Doch keine „Enthauptung“: Erst vor wenigen Wochen sorgte ein in Pompeji entdecktes Skelett für Aufsehen. Denn der junge Mann schien auf der Flucht vor dem Vulkanausbruch von einem Steinblock erschlagen worden zu sein. Jetzt haben Archäologen seinen Schädel gefunden – weitgehend intakt. Der Tote wurde demnach nicht enthauptet, sondern starb im Glutstrom der Eruption. Sein Schädel löste sich erst Jahrhunderte später vom Körper.
Ende Mai haben Archäologen bei Ausgrabungen in Pompeji einen spannenden Fund gemacht: In einem Grabungsgebiet nördlich der bereits bekannten Stadtteile des antiken Ortes stießen sie auf das Skelett eines toten Mannes, dessen Brustkorb und Kopf unter einem einen Meter großen Steinblock vergraben lagen. Die Archäologen nahmen an, dass dieser Block vom Glutstrom der Vesuv-Eruption mitgerissen wurde und dann den flüchtenden Mann erschlug. Den zertrümmerten Oberkörper und Schädel des Toten vermuteten sie noch unter dem Steinblock.
Fehlenden Schädel gefunden
Das tragische Ende dieses antiken Flüchtlings und die eindrucksvollen Fotos seines halb unter dem Steinblock begrabenen Skeletts gingen um die Welt. Nähere Untersuchungen des Skeletts enthüllten zudem, dass der zum Zeitpunkt des Vulkanausbruchs etwa 30-jährige Mann unter einer Knocheninfektion litt. Möglicherweise konnte er deshalb erst fliehen, als es schon zu spät war.
Jetzt gibt es Neues von der antiken Unglücksstelle: Die Archäologen haben inzwischen den Steinblock gehoben und die darunterliegenden Ablagerungsschichten freigelegt. Dabei sind sie wie erhofft auf die Überreste des Brustkorbs, der Oberarme sowie auf den Schädel des toten Mannes gestoßen. Diese Knochen fanden sich in einer deutlich tieferliegenden Schicht des Untergrunds, wie sie berichten.
Erstickt statt erschlagen
Das Überraschende jedoch: Der Schädel des toten Vulkanopfers ist noch weitgehend intakt. Das widerspricht dem vermeintlichen Tod durch „Enthauptung“, wie auch die Wissenschaftler erklären.

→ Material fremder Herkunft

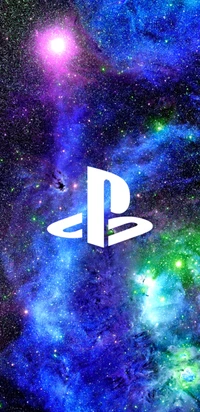 Logo cosmique de PS4 au milieu d'une galaxie colorée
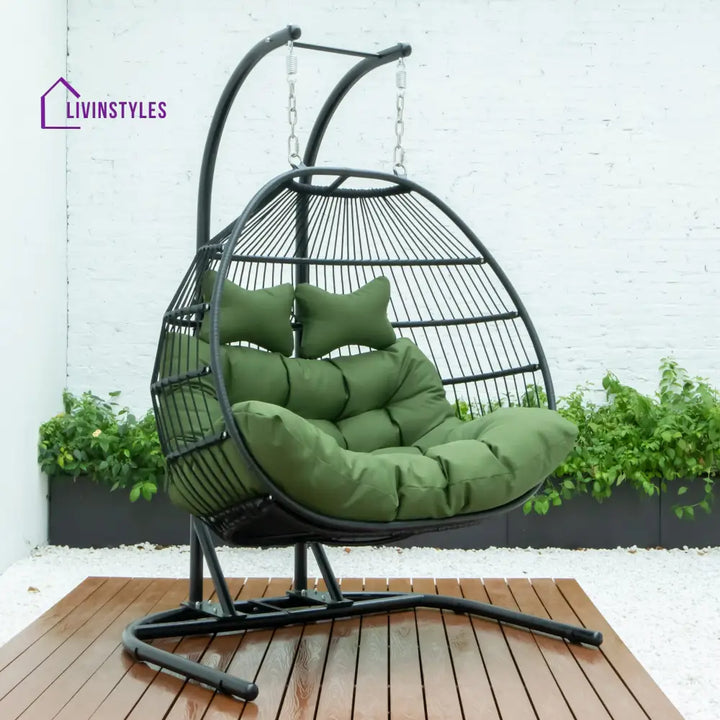 Tonia Double Seater Hanging Swing With Stand For Balcony Garden Swing (Black) Braided and Rope - Dark Green - Swings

Stattdessen gehen sie davon aus, dass dieser Tote ähnlich wie die meisten Vulkanopfer von Pompeji im pyroklastischen Strom der Eruption erstickt ist. Ein solcher Strom aus heißem Gas, Asche und Glut kann ein Tempo von mehreren hundert Stundenkilometern und erreichen.
Die Ausgrabung enthüllte zudem, dass der Schädel des Mannes wahrscheinlich erst Jahrhunderte nach seinem Tod vom restlichen Skelett getrennt wurde. Denn wie die Archäologen entdeckten, liegt unter dem Skelett ein halb verschütteter Tunnel, der im 19. Jahrhundert angelegt worden war. Als dieser einbrach, rutschten Schädel und Oberkörper des Toten in die Tiefe. Der Steinblock jedoch und der restliche Körper des Toten blieben auf der antiken Straßenebene Pompeis liegen.
Ob der flüchtende Mann dennoch in irgendeiner Form vom Steinblock getroffen wurde, ist noch unklar. Die Archäologen halten es aber eher für unwahrscheinlich. Denn erste Untersuchungen der Knochen haben zwar Hinweise auf einige Knochenbrüche an der unteren Körperhälfte des Toten ergeben. Diese seien aber nicht gravierend genug, um von diesem Ein-Meter-Block zu stammen. Die Forscher hoffen, im Rahmen weiterer Analysen herauszufinden, wie dieser Bewohner Pompejis zu Tode kam und wie seine letzten Lebensmomente verliefen.